Re: CLN/ginac: factoring announce, questions

17 Jun 2004

      Dear Ralf,

On Wed, 16 Jun 2004, Ralf Stephan wrote:
...
the following is concerned with the numtheory part of CLN. I have
appended a patch to numtheory/cl_IF.h file and three new files for
the same directory that would provide a factoring engine. The code
is a much improved version of what I sent to Richy Kreckel a few days
ago, and it explains itself. I have serious design questions on
the interface, though.
Shortly summed, you can factor any integer now within a minute whose
second largest prime factor is less than ~10^11. I am not an expert,
Oh, c'mon!
...
and I will not even think about implementing one of the more exotic
algorithms (squfof, elliptic curves, all kind of sieves). I did this
because I need ginac with a divisors() function.
The people familiar with ginac/CLN design are asked to please answer
QUESTION 1.
The function cl_factor_rec() is the recursive main engine and will be
called by factor() that is the interface to it. What should factor()
return to the outside? We have
- two lists (prime factors, exponents)
- a list of pairs (p1,e1) (p2,e2) ... pari does return data like this
- a simple list (p1, e1, p2, e2, p3, ...)
QUESTION 2.
How should the pairs/lists be implemented? We have
- vectors provided by CLN (GV/SV where's the difference?)
- STL containers
An alternative would be to implement factor() outside CLN, ie, within
ginac using lst, but I think there is interest having it in CLN. I just
ask because I do not think the STL should be duplicated by GV/SV which,
supposedly, was started when gcc did not have a working STL. I am no
expert there, either, but I think CLN's memory scheme can be adapted to
STL by simply(?) using a tailored allocator object.
QUESTION 3.
Should divisors() go into CLN or ginac?
Many thanks for your time reading through to here. Please help---I am
just starting C++ again after 8 years of hiatus, and design thinking
is a bit unfamiliar at this time.

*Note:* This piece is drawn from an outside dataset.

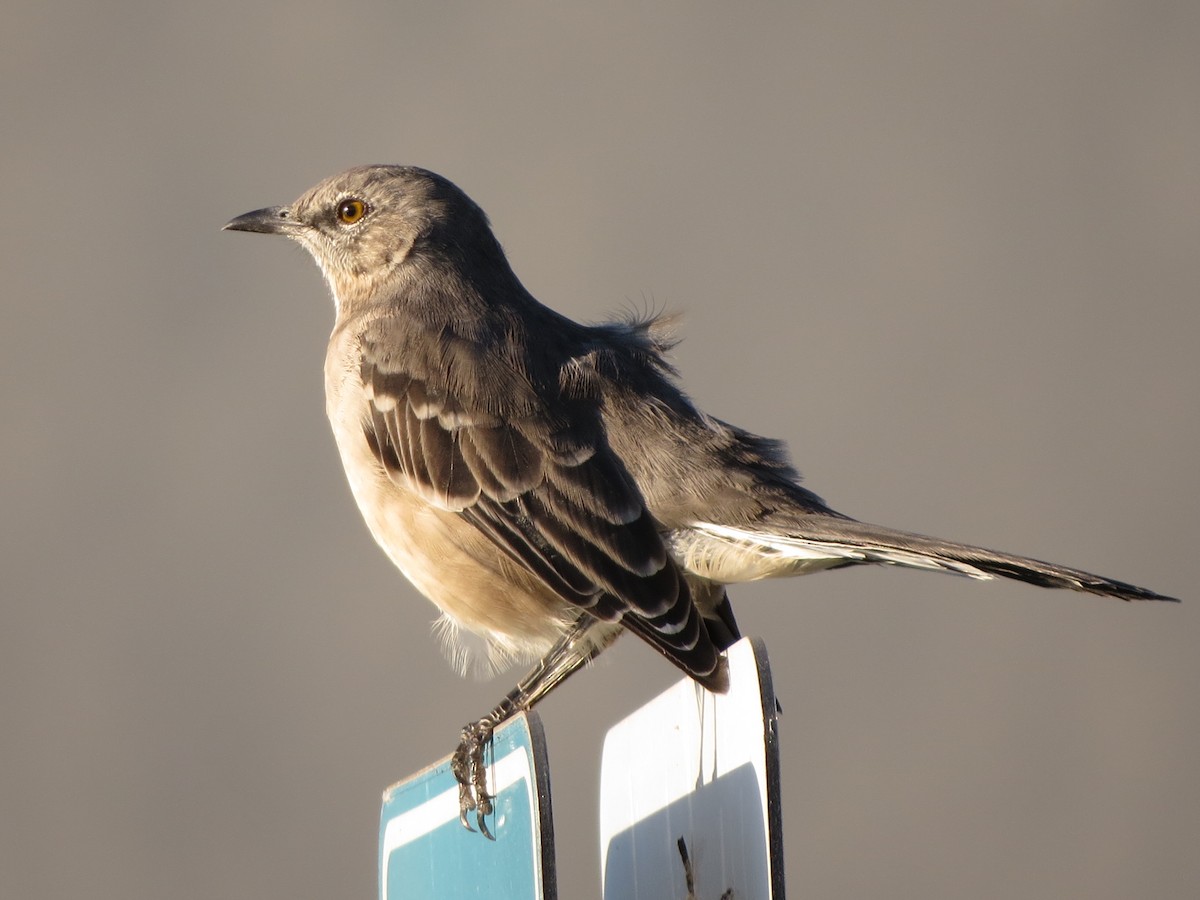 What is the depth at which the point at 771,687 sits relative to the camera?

Anyway, here is the beef:
Thank you very much for your keen resubmission.  I was still pondering
over your first patch which did have some, err, rough edges -- like that
concat() function poking on the heap.  There are still issues that we need
to iron out, like const correctness and how to setup tests, but that can
wait.

I generally have a quite restrictive attitude towards extensions to CLN,
admitting only state-of-the-art implementations.  But in the case of
integer factorization I do agree that code that finds all factors of order
10^10 is a very good start and should be included in CLN proper.  (Yes,
that answers your third question.)  It may be helful for many and it may
be improved in the future if people feel inclined.  However, it is
important to get the interface right, as you have noticed already.

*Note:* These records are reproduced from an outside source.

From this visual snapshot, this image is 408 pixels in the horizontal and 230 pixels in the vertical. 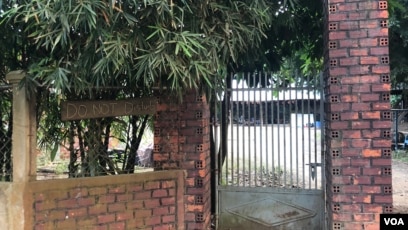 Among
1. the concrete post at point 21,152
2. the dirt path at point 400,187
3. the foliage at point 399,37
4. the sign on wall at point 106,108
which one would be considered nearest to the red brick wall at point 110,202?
the concrete post at point 21,152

So, to question 1, what should factor() return?  I'ld hate to see two
lists.  (I would rather have two vectors, since these are somewhat more
rigidly coupled by nature.)  I also dislike the alternating list of
factors and exponents.  It bears semantics invisible to the
language/compiler.  The list of pairs of factors and exponents is the most
reasonable return value.  And, I think, the most common.  Not only Pari
uses this notation, I think NTL does as well (for polynomial factors, that
is).

Question 2 gives me headaches.  You've already noticed that CLN does not
use std::list<>.  I guess this is because the univariate polynomial code
was written at a time when it was en vogue to write one's own
vector/list/map/...  Since a list of integer factors does not necessarily
need to have anything to do with the coefficients of a univariate
polynomial, I tend to suggest not to focus on what is already present it
CLN.  It is more important to focus on readabiliby and to keep
extensibility in mind and this leads to STL containers.

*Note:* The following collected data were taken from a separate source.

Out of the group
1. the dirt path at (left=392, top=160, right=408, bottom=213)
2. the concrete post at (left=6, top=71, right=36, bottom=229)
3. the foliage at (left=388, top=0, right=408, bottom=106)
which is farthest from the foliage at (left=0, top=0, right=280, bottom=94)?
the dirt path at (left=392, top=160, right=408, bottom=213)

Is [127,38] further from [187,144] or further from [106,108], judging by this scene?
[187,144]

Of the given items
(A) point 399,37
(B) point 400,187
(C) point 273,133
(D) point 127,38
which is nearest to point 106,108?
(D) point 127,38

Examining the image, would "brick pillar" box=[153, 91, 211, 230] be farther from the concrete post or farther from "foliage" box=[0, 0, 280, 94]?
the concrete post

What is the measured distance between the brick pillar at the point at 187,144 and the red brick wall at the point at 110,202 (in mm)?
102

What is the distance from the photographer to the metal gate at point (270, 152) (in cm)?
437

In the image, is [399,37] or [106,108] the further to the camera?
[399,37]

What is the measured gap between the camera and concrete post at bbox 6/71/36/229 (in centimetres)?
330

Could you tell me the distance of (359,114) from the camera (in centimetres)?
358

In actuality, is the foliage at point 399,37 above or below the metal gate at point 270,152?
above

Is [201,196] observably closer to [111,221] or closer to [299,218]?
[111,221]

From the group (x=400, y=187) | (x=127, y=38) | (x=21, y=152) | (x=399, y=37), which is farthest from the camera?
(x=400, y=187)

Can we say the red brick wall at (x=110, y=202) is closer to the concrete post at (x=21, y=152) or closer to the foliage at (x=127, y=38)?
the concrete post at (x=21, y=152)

Now I do have two questions: What do you mean by adapting CLN's memory
scheme to STL?  The user-visible side of the bridge constitute perfectly
copyable objects with value semantics and are hence suited for STL, right?
Just have a look at the Bernoulli number cache in GiNaC.  Second, is
std::list< factor_exponent_pair_or_whatever > really a wise decision?
Why not use a std::vector<> instead?  After all it doesn't make too much
sense removing/inserting elements therein at random locations.  Methinks
NTL returns vectors as well, but I need to check again.

Best wishes
        -richy.

PS: Besides throwing away lots of emails because I can't wade through all
    my fu^Hine SPAM I sometimes don't have enough time to answer email
    instantly.  This is especilly true if the email is quite non-trivial.
    Well, sorry for the late answer.
-- 
Richard B. Kreckel
<http://www.ginac.de/~kreckel/>